It was not currently known if the NHL will issue a statement or announce any disciplinary action against Auger, Burrows, or both of them, but it promises to be one of the most sensitive and difficult incidents the NHL has had to deal with this season.

There was also no formal word from the NHL Officials Association, which would likely be called on to defend Auger should any disciplinary actions be taken.

The NHL, in its history, has had its share of referee related issues including the strong allegations of referee bias against Rocket Richard that led to his suspension and the famous Rocket Richard Riot in 1955.

THE SPORTING NEWS reports that for the rest of this season, NHL referee prospects in the American Hockey League will undergo a new kind of on-the-job-training. They will wear wireless microphones and be in constant contact with an NHL supervisor in the press box. Also, a couple of the NHL's youngest referees will go through a new game-to-game critiquing system.

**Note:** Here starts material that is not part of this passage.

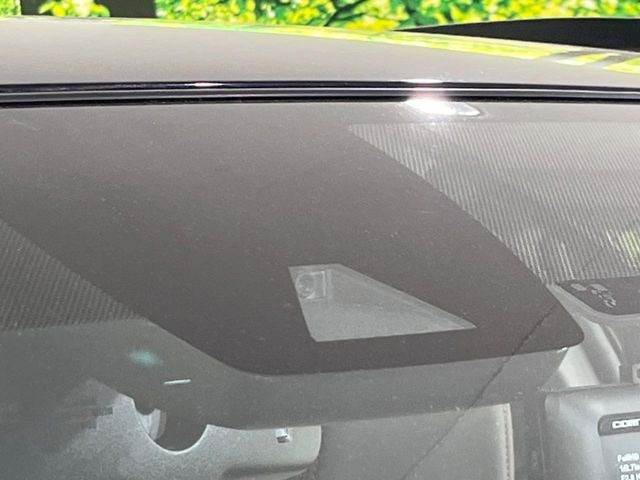 【トヨタセーフティセンス】走行中に前方の車両等を認識し、衝突しそうな時は警報とブレーキで衝突回避と被害軽減をアシスト。より安全にドライブをお楽しみいただけます。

"My goal is to go to an NFL system of critiquing the performance of individual officials and teaching them, coaching them," NHL Senior Vice President Brian Burke says. "I don't think it's right to sit down and lecture a referee right after he's had a long night at the rink, as we have in the past. It serves no purpose, especially if the referee has just gone through an emotional game.

There is a great story about Gordie Howe sitting in the stands of the old Olympia Stadium in Detroit with a referee’s young son during a morning skate. Howe asked the boy how his father planned to get home from the rink? The boy said “He will drive home Mr. Howe." Gordie said “Oh no son your dad can’t drive home. Your dad can’t see.”